Task to carry out: Transcribe all the lines below exactly. Omit the pictures.

Source data:
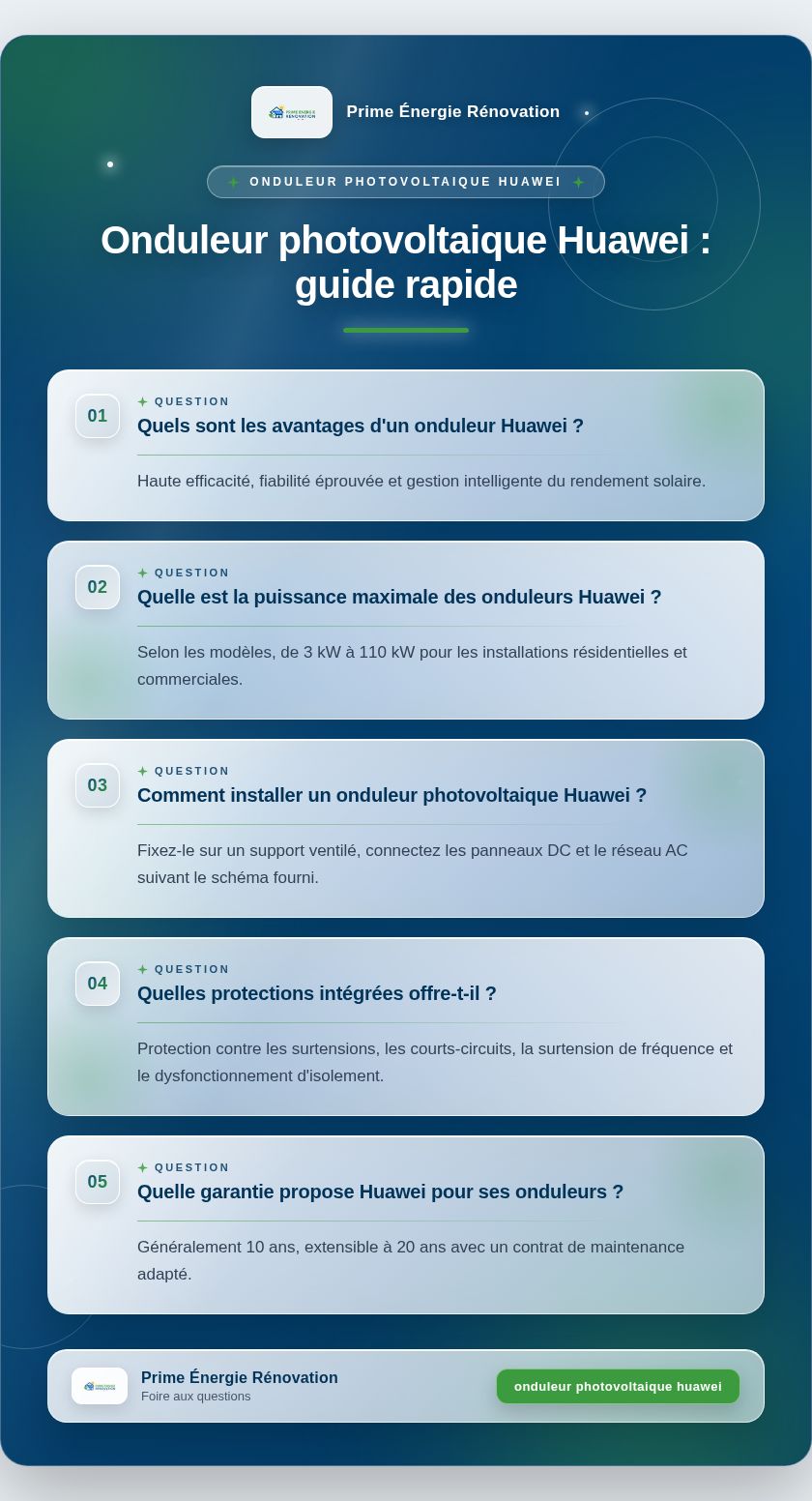 Infographie : Onduleur photovoltaique Huawei : guide rapide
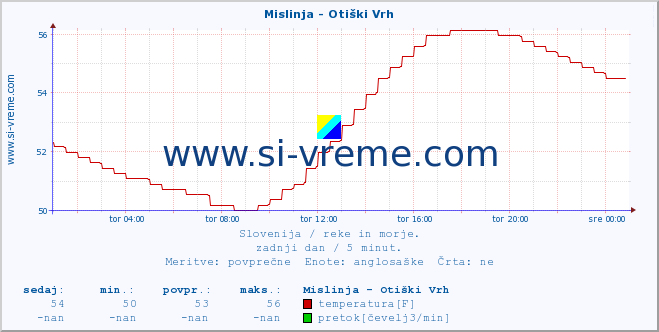 POVPREČJE :: Mislinja - Otiški Vrh :: temperatura | pretok | višina :: zadnji dan / 5 minut.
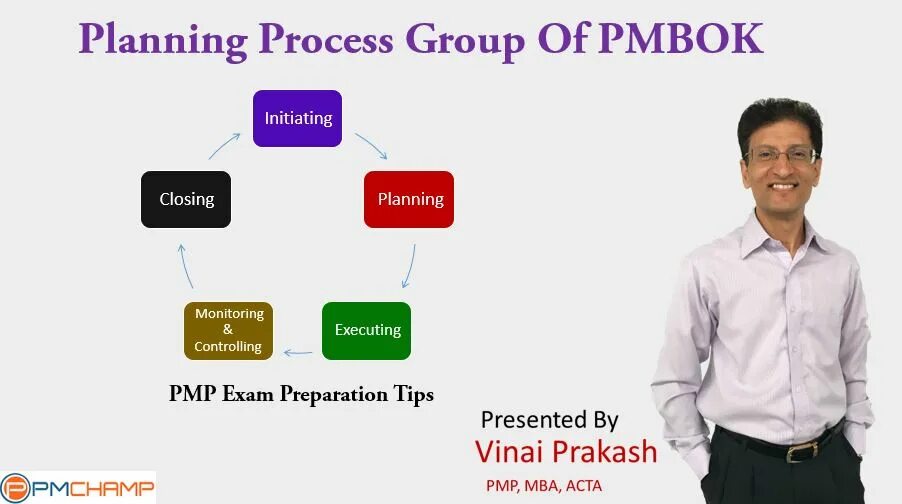 Planning process. 5 Process Groups.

Result of the exercise:
 Infographie : Onduleur photovoltaique Huawei : guide rapide
 POVPREČJE :: Mislinja - Otiški Vrh :: temperatura | pretok | višina :: zadnji dan / 5 minut.
 Planning process. 5 Process Groups.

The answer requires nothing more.